Like the basketball mystery, Read’s resignation appears to be about more than the official line suggests. It’s rumoured that he’s been battling with the board of directors of Alpine Canada for some time and the emergence of his son as a potential athlete was the perfect excuse to step aside without painting anyone as a bad guy.

Anyone with even a passing understanding of how amateur sports is run (into the ground) in this country will recognize the story line here. A Board of Directors, made up of volunteers and picked by the provinces, feuds with the professional they have hired to run their organization. You can pretty much bet that there was some kind of petty regional peeing match somewhere at the root of it all.

That’s Canadian sports in a nutshell. Alberta looks after Alberta, Ontario complains that it’s spending all the money and getting none back and PEI has way too much power. A sort of sporting version of the Peter Principle takes place at the BOD level, with a bunch of well meaning (we hope anyway) volunteers, way out of their element, unable to see beyond the concerns of their backyard.

It truly is a clusterflubber of a situation.

Of course it is possible that Read resigned for the exact reason he suggested. The Blue Jays could make the playoffs too.

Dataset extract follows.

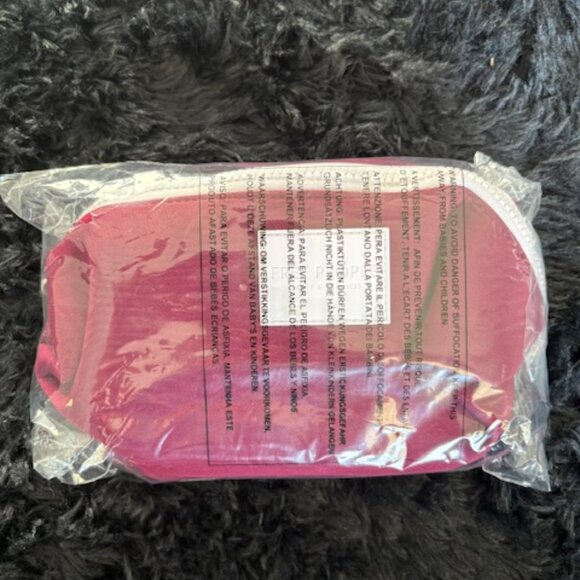 FREE PEOPLE Cosmetic Bag + 16 cosmetics - Picture 4 of 5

In the meantime one of the most promising sport organizations under the COA umbrella has lost a key figure that looked to be leading Canada back to the top of the ski world. Hopefully whoever takes over from Read will have the good sense not to change a single thing he was doing. Otherwise, we could be shaking our heads (again) in 2010 wondering why Canada can’t seem to ever perform when it matters on the Olympic stage.